(I'm reposting this from workplace S.E. where I was advised to ask here; apologies in advance for any inconvenience)
tl;dr: in the USA, is copying the HTML code from a site (any site whose code is presumably copyrighted) and storing it, for a limited or unlimited amount of time a violation of copyright? Are there prior lawsuits related to this? I'm mostly interested in the particular case where the copy is not reproduced, but kept private.
I've recently learned that this is indeed the case. This came as a huge surprise to me since:
- [First of all] most browsers retain a copy of the HTML (for the period of the visit or much longer, if caching is enabled)
- Proxy servers often keep cached copies of these files
- Web archives (like Google's) not only copy all assets of a site it find to keep historical versions of these pages but also make available to the general public these historical copies.
- Programs that scrape external sites often have in their repositories copies of (likely copyrighted) HTML for testing purposes
Number (4) is the one that directly affects the company I work for, since we do web analysis and therefore write programs that visit other sites. For example, we make extensive use of vcrpy library to record external accesses and test our code against these "frozen" HTMLs.
Also, specifically in our case, we don't really copy the entirety of any site, since we are only concerned with a subset of its pages, but from what I've been informed, that doesn't seem to qualify as "fair use", such as quoting a passage of a book (where, in a sense, the book would be analogous to the entire site with all its public assets).
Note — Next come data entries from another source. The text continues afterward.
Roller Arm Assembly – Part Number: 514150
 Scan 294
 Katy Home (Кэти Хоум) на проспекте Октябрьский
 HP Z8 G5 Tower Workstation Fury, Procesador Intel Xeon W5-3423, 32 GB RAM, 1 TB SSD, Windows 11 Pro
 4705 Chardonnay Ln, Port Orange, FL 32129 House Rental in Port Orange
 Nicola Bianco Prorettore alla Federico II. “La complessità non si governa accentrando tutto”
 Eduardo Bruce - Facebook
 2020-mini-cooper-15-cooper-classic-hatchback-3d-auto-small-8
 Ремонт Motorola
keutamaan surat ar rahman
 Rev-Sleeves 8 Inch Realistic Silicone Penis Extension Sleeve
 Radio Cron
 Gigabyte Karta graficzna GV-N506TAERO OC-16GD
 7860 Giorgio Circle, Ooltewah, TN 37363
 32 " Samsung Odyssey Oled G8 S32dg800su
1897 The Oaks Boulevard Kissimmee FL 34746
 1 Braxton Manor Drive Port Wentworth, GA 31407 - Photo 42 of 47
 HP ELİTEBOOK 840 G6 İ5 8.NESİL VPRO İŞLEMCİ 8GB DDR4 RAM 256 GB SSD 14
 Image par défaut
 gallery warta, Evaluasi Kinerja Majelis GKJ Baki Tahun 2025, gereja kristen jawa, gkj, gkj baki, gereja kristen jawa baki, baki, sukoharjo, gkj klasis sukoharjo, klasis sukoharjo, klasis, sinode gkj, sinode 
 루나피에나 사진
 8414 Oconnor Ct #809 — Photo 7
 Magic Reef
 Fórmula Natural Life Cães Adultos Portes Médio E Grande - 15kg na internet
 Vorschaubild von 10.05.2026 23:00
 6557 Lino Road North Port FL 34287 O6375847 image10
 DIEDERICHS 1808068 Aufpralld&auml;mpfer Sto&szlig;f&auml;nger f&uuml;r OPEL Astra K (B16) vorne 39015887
We don't even copy assets like CSS files or images, so we can't reproduce the actual content in full.
After I was told that such copies are likely unlawful, we are not only being limited to explore more robust testing methodologies (which would likely make use of a large amount of HTML copied from the web in a local storage) but the current use of vcrpy library has become something that demanded analysis (as it's not clear if our use of it is unlawful).